There is no getting around or understating the fact that Charles and David Koch, the multi-billionaire brothers from Kansas, have been engaged in a campaign of unarmed insurrection against the American state since the 1980s. Through their underwriting of dozens (hundreds?) of advocacy groups, think tanks, academic institutions, and political campaigns they have advanced the cause of what could be called the abridgment of American democracy. They have spent hundreds of millions of their own dollars to achieve this, and have solicited/badgered their plutocratic peers into giving as much and more to support their goal of reducing the role of government to something resembling that of a concierge at a luxury hotel--a mere functionary tasked with keeping the unwashed out of the lobby and satisfying every whim of the guests.
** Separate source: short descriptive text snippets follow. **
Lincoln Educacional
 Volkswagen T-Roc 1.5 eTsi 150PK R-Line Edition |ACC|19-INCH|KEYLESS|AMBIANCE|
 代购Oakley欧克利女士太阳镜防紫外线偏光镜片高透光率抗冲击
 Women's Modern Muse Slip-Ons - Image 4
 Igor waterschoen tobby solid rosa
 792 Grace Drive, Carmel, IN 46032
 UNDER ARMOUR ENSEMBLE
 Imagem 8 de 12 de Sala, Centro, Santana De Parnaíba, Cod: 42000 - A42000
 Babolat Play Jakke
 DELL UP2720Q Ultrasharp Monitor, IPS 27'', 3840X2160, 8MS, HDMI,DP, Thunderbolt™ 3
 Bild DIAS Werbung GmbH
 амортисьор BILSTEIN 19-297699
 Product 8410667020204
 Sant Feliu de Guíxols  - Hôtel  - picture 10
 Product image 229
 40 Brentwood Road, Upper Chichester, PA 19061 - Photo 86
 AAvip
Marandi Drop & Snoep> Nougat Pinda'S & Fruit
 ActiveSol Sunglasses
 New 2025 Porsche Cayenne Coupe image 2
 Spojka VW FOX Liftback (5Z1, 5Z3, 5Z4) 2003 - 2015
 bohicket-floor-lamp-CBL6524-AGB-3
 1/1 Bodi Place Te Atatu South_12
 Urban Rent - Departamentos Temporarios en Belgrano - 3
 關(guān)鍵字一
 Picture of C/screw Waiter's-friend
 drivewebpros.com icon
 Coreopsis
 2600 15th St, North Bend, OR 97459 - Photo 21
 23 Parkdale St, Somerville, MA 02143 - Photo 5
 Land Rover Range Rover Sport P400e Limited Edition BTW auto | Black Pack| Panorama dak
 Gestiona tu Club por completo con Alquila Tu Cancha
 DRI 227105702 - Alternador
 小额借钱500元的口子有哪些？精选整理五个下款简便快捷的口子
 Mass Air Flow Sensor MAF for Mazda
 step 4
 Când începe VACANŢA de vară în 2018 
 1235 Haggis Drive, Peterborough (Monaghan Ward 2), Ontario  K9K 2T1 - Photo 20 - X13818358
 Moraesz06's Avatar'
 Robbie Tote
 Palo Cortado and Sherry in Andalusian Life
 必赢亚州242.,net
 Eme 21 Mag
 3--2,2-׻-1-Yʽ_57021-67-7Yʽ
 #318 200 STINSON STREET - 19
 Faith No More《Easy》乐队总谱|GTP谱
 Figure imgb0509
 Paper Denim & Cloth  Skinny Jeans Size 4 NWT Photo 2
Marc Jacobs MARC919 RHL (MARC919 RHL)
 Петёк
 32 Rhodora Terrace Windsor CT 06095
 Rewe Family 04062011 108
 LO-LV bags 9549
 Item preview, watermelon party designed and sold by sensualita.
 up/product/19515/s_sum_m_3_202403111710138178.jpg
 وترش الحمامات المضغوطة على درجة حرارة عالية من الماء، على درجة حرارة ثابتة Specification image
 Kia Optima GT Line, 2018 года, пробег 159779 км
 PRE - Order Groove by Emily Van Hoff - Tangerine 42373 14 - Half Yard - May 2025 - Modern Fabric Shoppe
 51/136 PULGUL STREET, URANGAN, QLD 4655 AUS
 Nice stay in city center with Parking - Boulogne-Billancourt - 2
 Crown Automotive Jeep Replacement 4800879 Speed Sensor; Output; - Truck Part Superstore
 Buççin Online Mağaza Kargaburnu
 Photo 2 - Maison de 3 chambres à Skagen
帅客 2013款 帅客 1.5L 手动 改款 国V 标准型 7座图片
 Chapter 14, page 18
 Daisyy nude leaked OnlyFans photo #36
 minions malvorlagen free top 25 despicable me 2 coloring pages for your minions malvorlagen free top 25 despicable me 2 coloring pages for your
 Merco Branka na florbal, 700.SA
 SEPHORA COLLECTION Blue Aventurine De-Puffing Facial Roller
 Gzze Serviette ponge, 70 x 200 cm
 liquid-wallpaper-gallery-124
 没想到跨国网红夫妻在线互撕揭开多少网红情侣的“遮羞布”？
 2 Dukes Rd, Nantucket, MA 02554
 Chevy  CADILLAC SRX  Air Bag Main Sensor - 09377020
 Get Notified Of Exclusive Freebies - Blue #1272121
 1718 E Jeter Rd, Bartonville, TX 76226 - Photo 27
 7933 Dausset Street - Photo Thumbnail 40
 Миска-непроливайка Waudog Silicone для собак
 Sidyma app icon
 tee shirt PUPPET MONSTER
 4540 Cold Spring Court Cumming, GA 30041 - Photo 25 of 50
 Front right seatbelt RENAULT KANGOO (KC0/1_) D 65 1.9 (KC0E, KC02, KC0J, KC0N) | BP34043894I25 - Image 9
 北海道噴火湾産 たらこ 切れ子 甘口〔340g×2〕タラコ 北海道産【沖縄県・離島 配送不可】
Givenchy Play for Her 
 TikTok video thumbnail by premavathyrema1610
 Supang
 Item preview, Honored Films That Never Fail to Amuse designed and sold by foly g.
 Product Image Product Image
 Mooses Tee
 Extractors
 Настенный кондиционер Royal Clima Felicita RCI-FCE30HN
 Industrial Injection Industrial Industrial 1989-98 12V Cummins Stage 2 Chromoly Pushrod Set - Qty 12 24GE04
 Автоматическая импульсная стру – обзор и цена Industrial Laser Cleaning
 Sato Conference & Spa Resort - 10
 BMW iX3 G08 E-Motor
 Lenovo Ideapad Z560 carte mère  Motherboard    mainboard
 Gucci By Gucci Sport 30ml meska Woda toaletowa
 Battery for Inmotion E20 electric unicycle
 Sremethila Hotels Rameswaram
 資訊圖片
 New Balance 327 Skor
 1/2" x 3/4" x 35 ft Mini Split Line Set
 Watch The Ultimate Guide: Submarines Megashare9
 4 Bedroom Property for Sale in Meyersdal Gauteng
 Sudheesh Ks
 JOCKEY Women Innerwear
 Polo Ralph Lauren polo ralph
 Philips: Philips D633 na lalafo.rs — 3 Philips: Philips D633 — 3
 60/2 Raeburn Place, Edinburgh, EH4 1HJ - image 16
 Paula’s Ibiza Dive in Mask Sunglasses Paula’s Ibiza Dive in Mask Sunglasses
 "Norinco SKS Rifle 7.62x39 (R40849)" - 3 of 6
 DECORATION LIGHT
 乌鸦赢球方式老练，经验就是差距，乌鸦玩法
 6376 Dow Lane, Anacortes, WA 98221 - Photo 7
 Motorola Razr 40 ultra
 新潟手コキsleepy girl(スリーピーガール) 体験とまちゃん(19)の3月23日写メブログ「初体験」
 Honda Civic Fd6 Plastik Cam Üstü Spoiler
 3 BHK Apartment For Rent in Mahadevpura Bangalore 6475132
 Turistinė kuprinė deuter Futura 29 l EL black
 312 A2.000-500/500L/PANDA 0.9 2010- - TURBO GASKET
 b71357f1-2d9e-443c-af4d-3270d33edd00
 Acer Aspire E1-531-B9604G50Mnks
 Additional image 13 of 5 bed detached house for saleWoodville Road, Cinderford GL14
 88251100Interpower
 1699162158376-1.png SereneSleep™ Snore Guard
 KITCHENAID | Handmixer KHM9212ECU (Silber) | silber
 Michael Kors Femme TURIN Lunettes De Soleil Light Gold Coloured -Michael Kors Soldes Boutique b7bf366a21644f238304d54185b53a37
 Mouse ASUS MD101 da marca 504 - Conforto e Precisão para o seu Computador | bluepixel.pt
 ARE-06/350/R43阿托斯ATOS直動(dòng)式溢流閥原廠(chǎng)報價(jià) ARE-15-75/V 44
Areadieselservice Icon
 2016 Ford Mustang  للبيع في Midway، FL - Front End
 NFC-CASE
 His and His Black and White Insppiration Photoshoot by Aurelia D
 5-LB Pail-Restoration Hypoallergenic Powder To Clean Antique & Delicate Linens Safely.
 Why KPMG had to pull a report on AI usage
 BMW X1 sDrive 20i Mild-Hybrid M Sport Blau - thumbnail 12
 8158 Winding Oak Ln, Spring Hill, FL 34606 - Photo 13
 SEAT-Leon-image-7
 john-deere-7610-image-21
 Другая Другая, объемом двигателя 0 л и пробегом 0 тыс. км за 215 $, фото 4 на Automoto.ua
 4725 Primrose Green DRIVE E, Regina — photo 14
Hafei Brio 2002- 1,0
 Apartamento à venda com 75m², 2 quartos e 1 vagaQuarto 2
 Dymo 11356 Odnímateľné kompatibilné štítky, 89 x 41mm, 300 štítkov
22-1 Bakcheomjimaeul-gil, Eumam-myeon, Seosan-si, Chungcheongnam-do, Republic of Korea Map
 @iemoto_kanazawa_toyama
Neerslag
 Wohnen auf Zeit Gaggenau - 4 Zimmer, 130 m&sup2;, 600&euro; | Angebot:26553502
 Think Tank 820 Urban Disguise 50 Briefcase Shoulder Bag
Jane Mayer has done a remarkable and tenacious job of showing all the roots and branches of the Koch brothers propaganda war. Aided by like-minded billionaires such as Sheldon Adelson, Richard Mellon Scaife, John Menard, and a torch- and pitchfork-bearing mob of mere centimillionaires, the fruit of the tree planted by the Kochs and watered with the furious tears of anti-tax tycoons is that slouching beast known as the Republican Party. What was once upon time a conservative, but mostly rational, political party has now become the marionette and mouthpiece for a cabal who seek to turn the political/capitalist clock back to roughly 1900, which, in their view, was a golden age of capitalism unfettered by unions, taxes or government regulations.
Mayer makes it very clear that the Kochs and their allies don't just want a diminution of the government's role in society and the economy, they want it banished from the playing field altogether. The John Birch Society was the incubator for this extreme philosophy back in the '60s, but it took the Kochs to give it mainstream appeal and respectability through the GOP. The Kochs achieved this by creating an entire ecosystem of advocacy and political organizations that promoted and funded policies and politicians that were in accord with their fanatical worldview. The proof of their success is that the GOP is now not so much a political party as it is a counter-revolutionary movement seeking to rollback all progressive policies enacted since the end of World War Two.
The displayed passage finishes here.